Mechanic's Lien for Building on Leased Land.
-Where a contract to lease provides that the lessee shall erect a building on the premises, the lessor agreeing to pay the costs of such building by permitting him to retain the rents, lessee erects the building as the agent of the lessor, so as to render mechanic's lien a charge on the interest of the lessor in the land. Kremer vs. Walton, Sup. Ct. Washington, 39 Pac. Rep., 374.
Rights of Sub-Contractors to Lien.
-Sub-contractors being unable to complete their contract wrote the contractors a letter authorizing them to take charge of the work and "complete the same for our account" and that "we do not waive by this our rights under the original contract, for any extra work accruing from same." The Supreme Court, second department, of New York, held that the contractors by proceeding with the work only assumed to finish it for the contractors, and on completion the cost was to be deducted from the contract price, before anything would become due to the sub-contractors to which a lien would attach. Brainard vs. Kings County, 32 N. Y. S. Rep. 311.
Order by Contractor and Mechanic's Liens.
-After a contractor had given to a sub-contractor an order on the owner he abandoned by contract, and the owner completed the building under a clause in the contract authorizing him to do so in default of the contract, and to deduct the cost of completion from any moneys due the contractor. The order has been presented prior to the filing of any liens; and the Supreme Court, first department of New York held that such order was an assignment for so much of the balance due the contractor, after deducting for cost of completion, and was entitled to a preference over liens filed after its presentation to the owner. Murray vs. Micolino, 31 N. Y. X. Rep. 1109.
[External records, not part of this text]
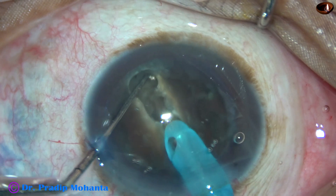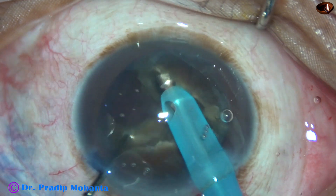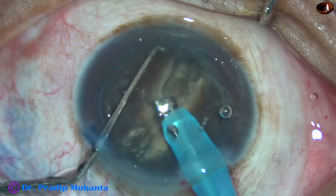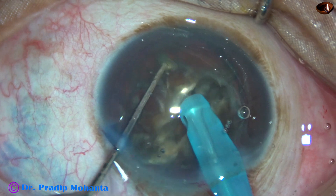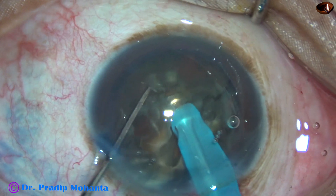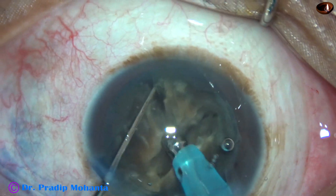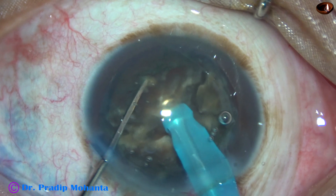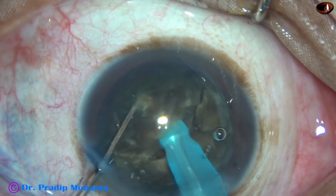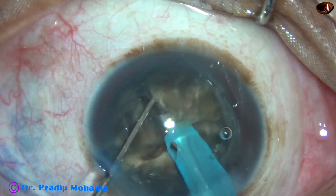I do one or two sculpts, go to a deeper plane, hold one half of the hemi-nucleus, and separate the two hemi-nuclei completely. In this case, I am going to divide the nucleus into 6 pieces — each hemi-nucleus is being divided into 3 pieces.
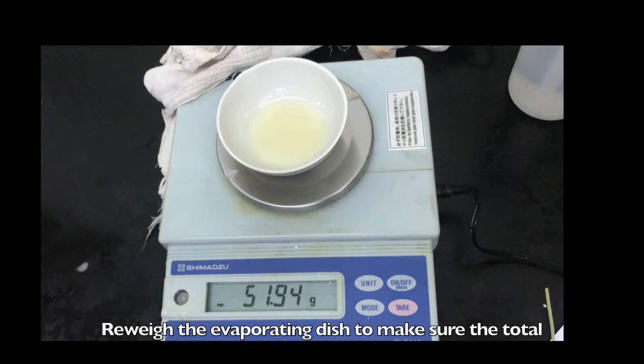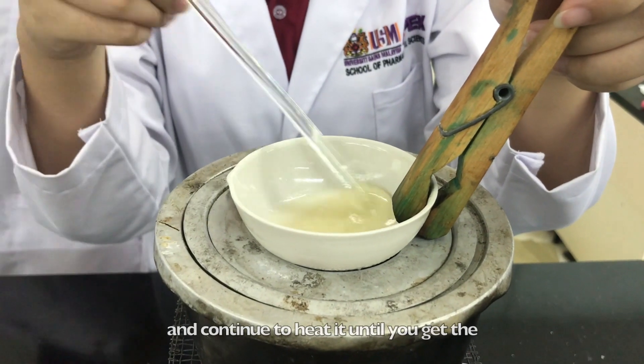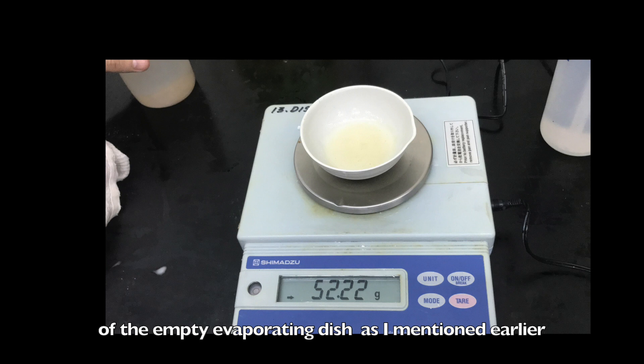Reweigh the evaporating dish to make sure the total weight of the final product. If it's too much, evaporate it. And if it's too little, add more distilled water and continue to heat it until you get the correct weight of the final product. To do that, you will need to know the reading of the empty evaporating dish as mentioned earlier.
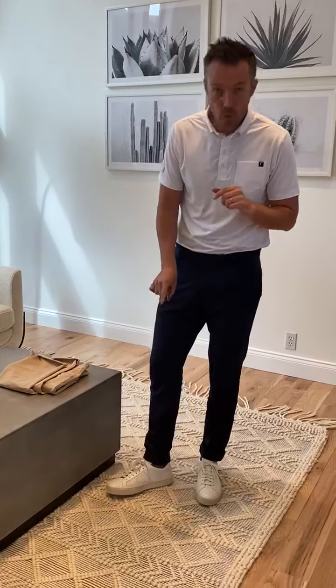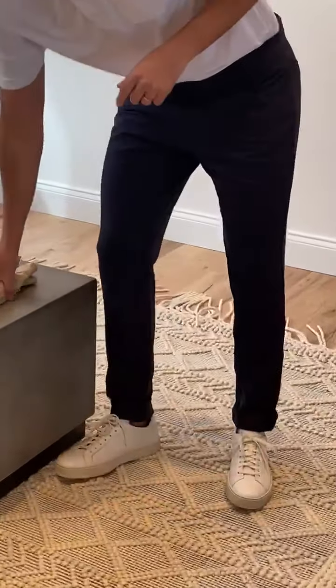I'm wearing a size medium, which is true to size for me. I could go down to a size small — you can see they're kind of loose right there, but I like the fit of them. This is a 32-inch inseam and I've rolled these up twice. I'm 5'9" and a 30-inch inseam is perfect for me.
Payment of Contractor by Check.
-Where parties upon being sued by a contractor alleged that they had given him a check in full payment of all claims under his contract, and a statement to that effect appeared on the face of the check; but the contractor denied that he had so accepted it and testified that the party who gave it to him had said that he would receive a further payment, and also that the supervising architect advised its acceptance, saying they would pay him in full afterwards, and this was corroborated by the architect, the Supreme Court of Washington held that the question of whether the check was given and received as full satisfaction was for the jury to determine.
Megrath vs. Gilmore, 39 Pacific Rep., 131.
Presumption of Negligence in Erection of a Building.
-Where a person lawfully upon a sidewalk is injured by materials falling from a building in the course of erection, and it appears that the sidewalk was not covered or in any way guarded, it is sufficient to raise presumption that the builder was negligent. This rule is necessary for the protection of those having occasion to use sidewalks of public streets. The evidence as to how the accident occurred is most usually wholly within the knowledge of the builder and his employes, (sic) and the person injured has no means of proving precisely how or why the accident occurred. The first warning of danger that he has is his injury, and then he has no opportunity to investigate the cause. William Ottman & Company vs. Robbins, Sup. Ct. first Dep., 32 N. Y. S. Rep. 61.